Martin's Masterclass: How to max savings interest
Don't settle for less than 4% interest! And for some, there are even ways to push & get 7%, 25% or even 50%!
Includes full savings & cash ISA best buys...
UK interest rates are likely on the move. And that means savers need to check what they earn now. Millions are on pants sub-4% rates and can easily ditch, switch & gain. All you usually need to do (barring with ISAs) is withdraw your money from one account and put it in a new one.

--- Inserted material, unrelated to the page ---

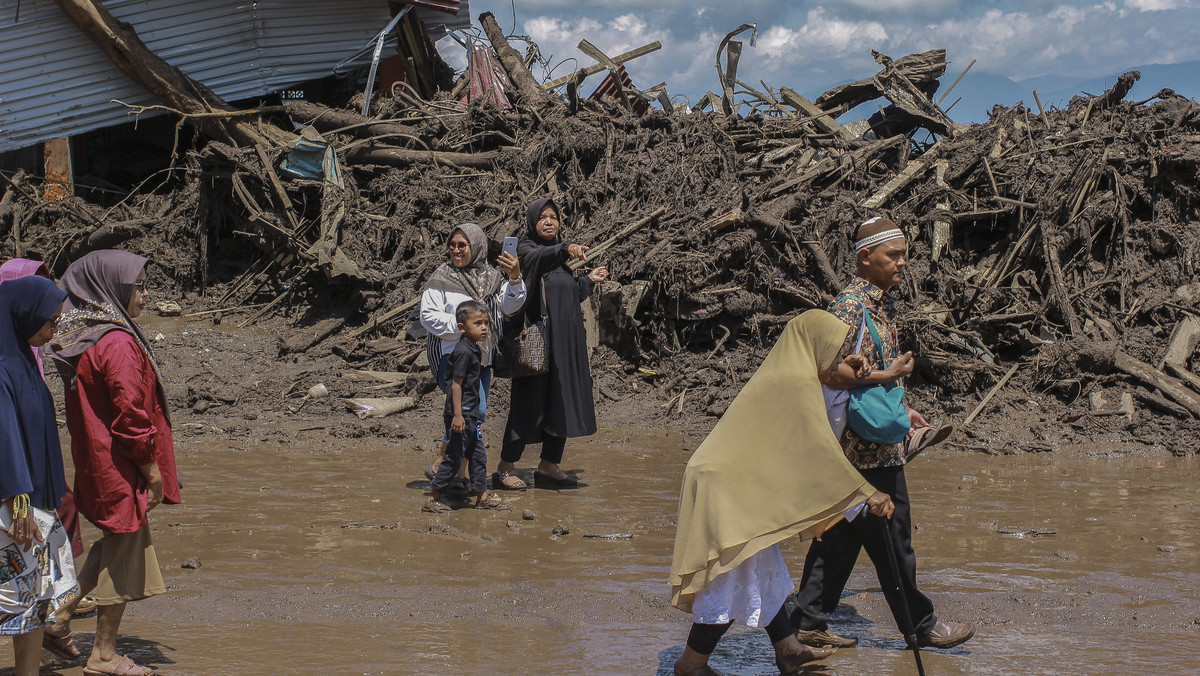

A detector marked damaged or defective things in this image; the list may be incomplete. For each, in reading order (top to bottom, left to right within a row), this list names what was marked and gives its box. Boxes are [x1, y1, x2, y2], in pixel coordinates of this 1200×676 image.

damaged roof [0, 0, 468, 153]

Most analysts believe next Thursday the Bank of England will likely cut the UK base rate again, from the current 4.25% to 4%. Good news for some with debt, but a sign savers need to take action. So I'll take you through:
- 5% easy-access (variable) savings: Take money out when you want.
- 4.5% fixed savings: Lock in a guaranteed interest rate.
- 3 ways to boost interest up to 50%: For those who put money aside each month OR 1st time buyers OR those on Universal Credit.
- 3 ways to minimise tax on interest: Including cash ISAs & Premium Bonds.
Prefer to listen than read? You can hear me talk through this in my new 'Beginner's guide to savings' podcast. First though...
Before saving... 3 important questions |
- Do you have expensive debts? If so, use spare cash to clear them first. A grand's debt over a year on a credit card at a typical 25% costs £250 in interest, while the same saved at 5% earns £50. Pay off the debt with the savings and you're £200/yr better off. For far more on the best way to do this, see Should I pay debt with savings?
- Is your mortgage rate higher than you can earn in savings? If so, as long as you've a cash emergency fund, do check our Mortgage Overpayment Calc to see whether it's worth you overpaying rather than saving (most can overpay 10% of mortgage debt a year penalty-free, but do check). For more, including how to ensure you get the full benefit of overpaying, see our Should I overpay my mortgage? guide.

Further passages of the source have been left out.